Es la Fiscalía la que nos dice que lo más seguro es buscar un plan donde salgamos de Chile. Empezamos a mirar opciones. Estamos en un país que a lo mejor es igual o más bonito que Chile, pero yo no estoy tan feliz. Cuando llegamos acá también llegamos con mentiras, con que veníamos de vacaciones.
Para nosotros el caso no está cerrado, porque está el miedo de volver, entendiendo que no sabemos quién nos vendió. Ellos tenían información muy privada mía. Con ese escenario es súper difícil pensar en una vuelta tranquila. Yo igual voy a Chile y ando asustado, a pesar de que ando con Carabineros. Tengo esa sensación de que me pueden agarrar en cualquier esquina.
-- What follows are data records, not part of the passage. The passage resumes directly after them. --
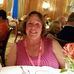 Janet M Witherspoon - Facebook
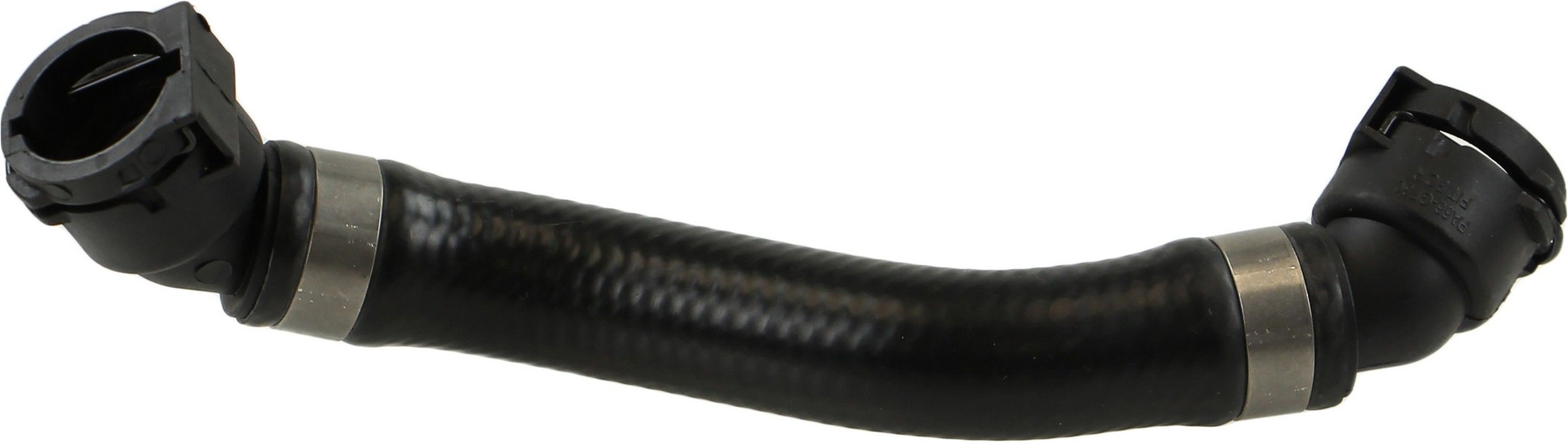 CRP CHE0865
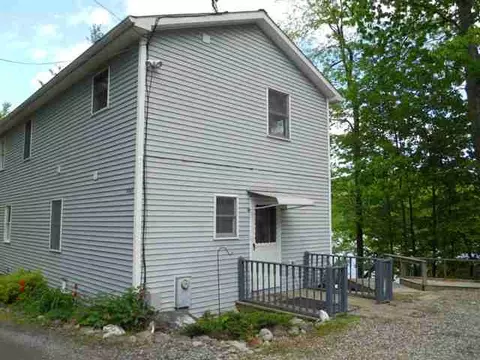 2345 Oaks Rd, Argyle, NY 12809 photo 2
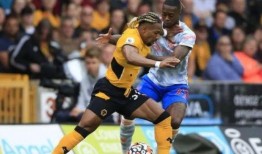 狼队转会期最新爆料球员,揭秘新赛季引援新面孔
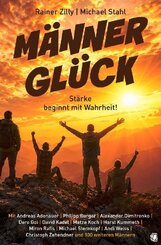 M&auml;nner-Gl&uuml;ck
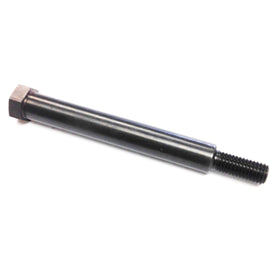 6120067 Ridgid/Ryobi Pin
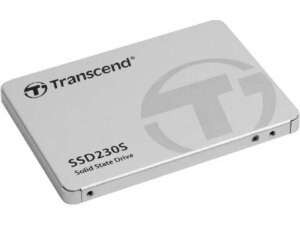 TRANSCEND 4TB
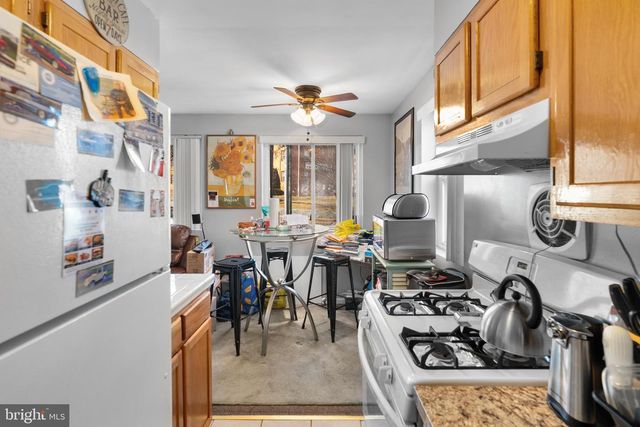 182 JOLIET ST SW, Washington, DC 20032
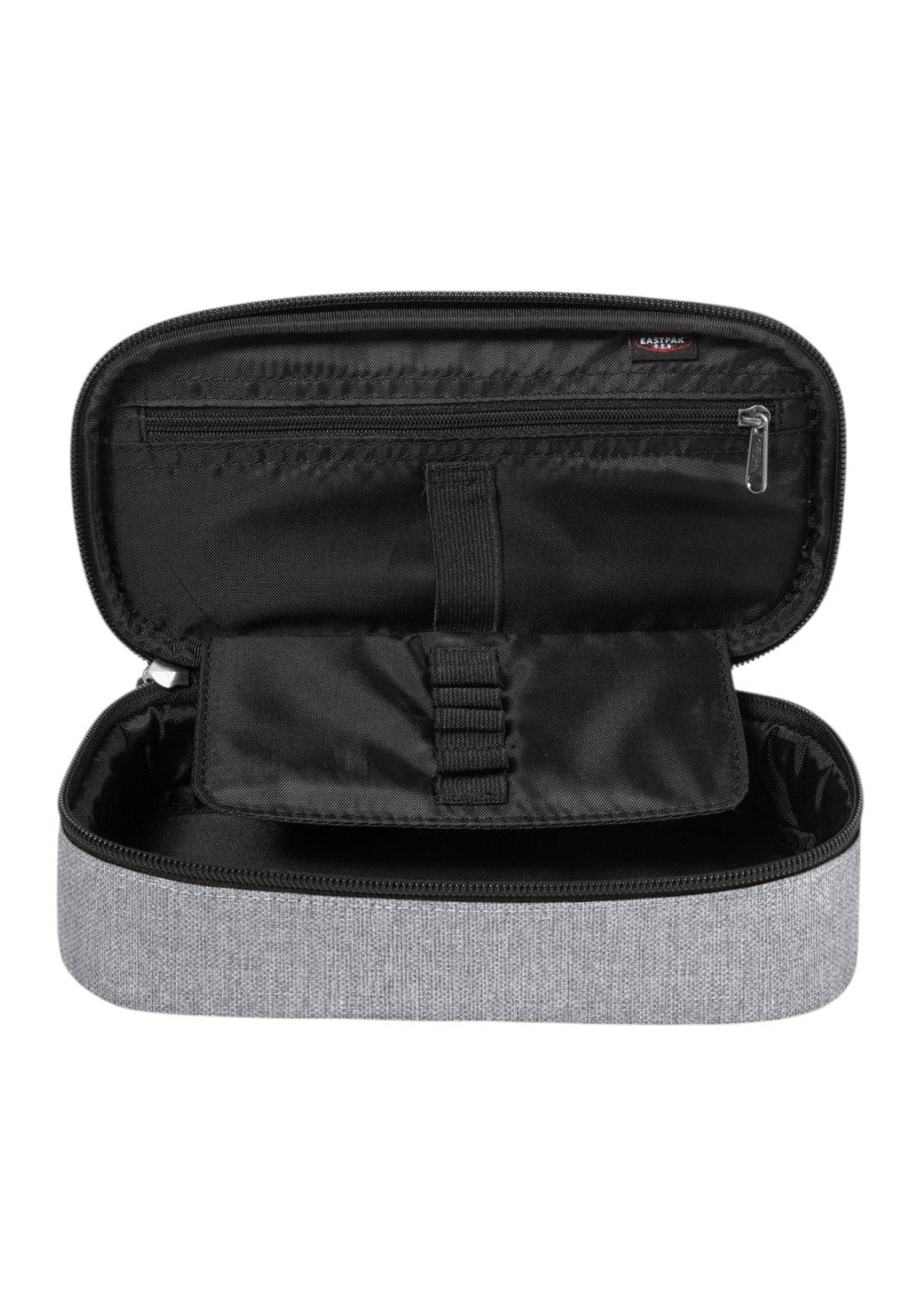 ACCESSORI LIFESTYLE Grigio Antracite Eastpak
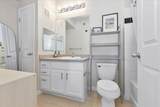 1000 Providence Place - Photo 24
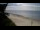 Webcam in Jurmala, 0.1 mi away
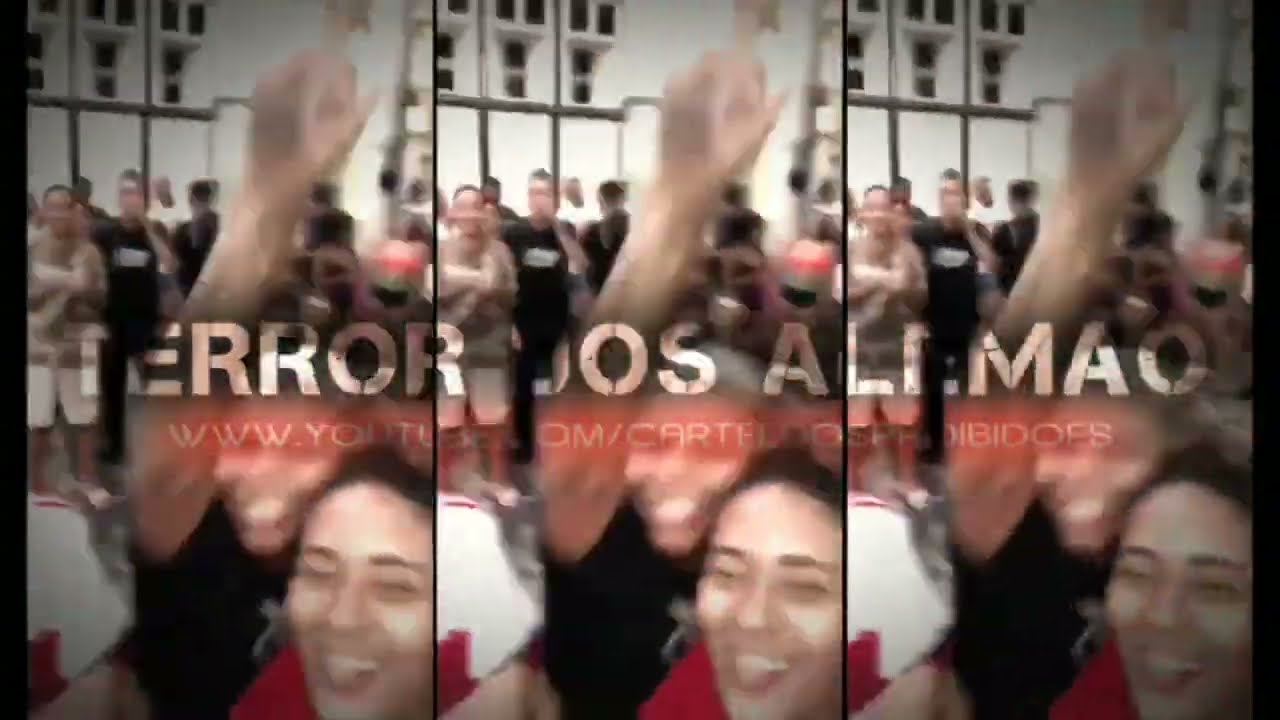 = MEDLEY RELEMBRANDO GESTÃO PERFEITA TROPA DA VASCO 🥋🐊🚩 [ JACARÉ 2024 ] MC COPINHO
Mi señora, a pesar de que ella es muy fuerte, cuando estuvimos en Chile le dio una crisis de pánico. Yo estaba asustadísimo porque le duró más de dos horas. ¿Por qué le tiene que pasar esto?
Tengo rabia, decepción, pena. Tengo de todo un poco, porque al final es mi país y yo quiero volver a mi país. Nosotros lo perdimos todo. Perdimos la tranquilidad, perdimos la paz, perdimos el contacto con los seres queridos, con los seres cercanos. Al final te das cuenta de que eso es la vida.